As NBC News has previously reported, the government has relied on undercover agents, informants and confidential sources to build these cases. The study confirms that, finding 12 of the 25 used that strategy. In some of the cases, the FBI set up social media accounts purporting to be ISIS-friendly to draw in wannabes.
"I think these cases demonstrate that law enforcement has made a serious determination that they think they can stop the flow of foreign fighters," Greenberg said. "And the way to do that is to send a very clear message … 'Don't go there in any way, don't go there in thought or expression, don't even toy with the idea of becoming foreign fighters.'"
The study broke down the defendants by demographic:
"They are so young. That's the biggest surprise," Greenberg said.
Beyond the 25 who were prosecuted, the study also looked at six other cases involving minors, including three Colorado girls who were stopped at Frankfurt Airport on their way to Turkey, and the two younger siblings of Illinois resident Mohammed Hamzah Khan who wanted to mirror his journey from Chicago to Syria. None are likely to be charged.
Five of the group either had military training or expressed interest in the military, but "it's just two with an actual background, including an Air Force veteran and another who was Army National Guard," said Susan Quatrone, the center's director of research.
The others included a California man who failed an aptitude test to join the National Guard and a North Carolina man who failed National Guard boot camp.

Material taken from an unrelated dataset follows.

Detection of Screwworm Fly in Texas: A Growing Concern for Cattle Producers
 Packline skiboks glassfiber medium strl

In the study group, only a couple of defendants expressed willingness to carry out violent attacks on the U.S.
Nicholas Teausant of Acampo, California, allegedly told an FBI undercover agent he wanted to fight with ISIS and see the U.S. "tumble and fall in the wake of a civil war."

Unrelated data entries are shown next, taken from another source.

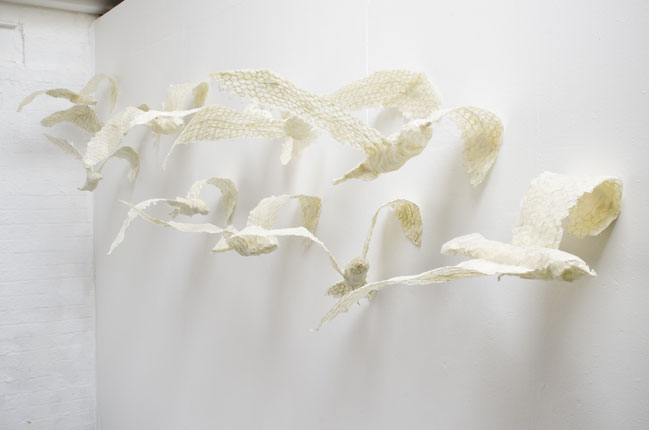 Debbie Lawson, Seagulls and the Sun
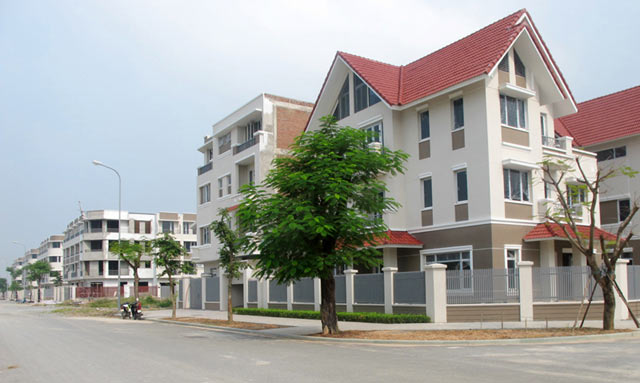 Cây Phượng Vĩ đại thụ trong khu đô thị An Hưng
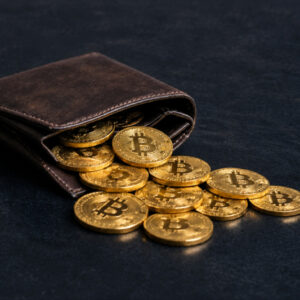 Crypto wallet.jpg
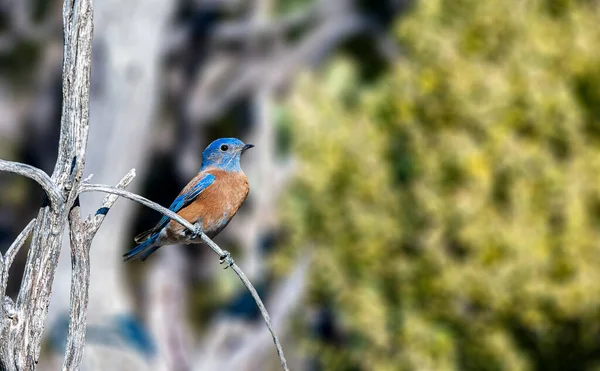 Batı Bluebird 'ün üstü parlak mavi, üstü pas turuncusuyla kaplı bir yelek göğsünden üst sırtına kadar uzanıyor.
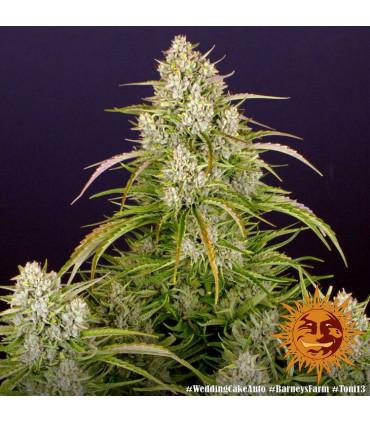 Wedding Cake Auto (Barey's Farm)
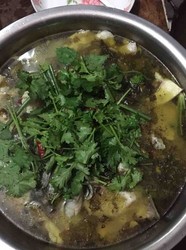 酸菜鱼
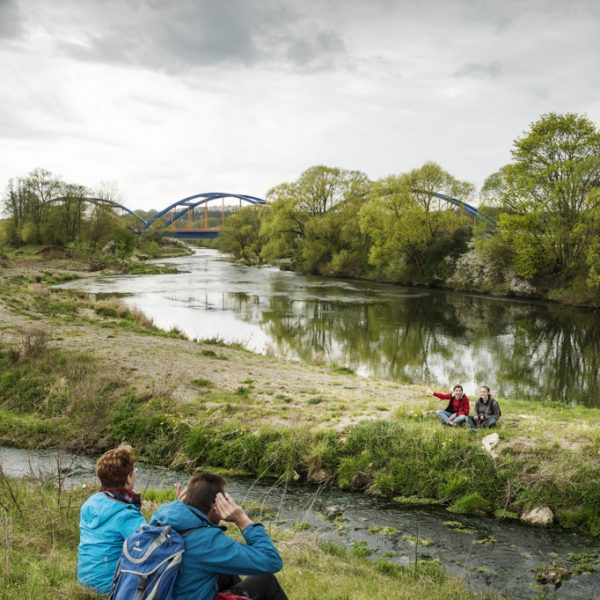 Renaturierter Main an der ICE-Brücke bei Wiesen (Bad Staffelstein, Lkr. Lichtenfels)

He also texted about a "camping trip" where he and others discussed bombing the Los Angeles subway and even suggested "he wanted to bomb his daughter's day-care because it was at a "zionist reform church," according to court papers. His lawyer has said Teausant has psychological issues and couldn't "supply material support to a pup tent."
Two Chicago-area men, Hasan Edmonds and his cousin Jonas, were arrested last month and charged with conspiring to attack a military installation on behalf of ISIS. Hasan Edmonds, a member of the Army National Guard, was embarking on a trip to the Middle East when he was arrested.
National Intelligence Director James Clapper, in congressional testimony last month, put the number of U.S. nationals who've traveled to Syria at roughly 180 and indicated that law enforcement is monitoring those who have returned.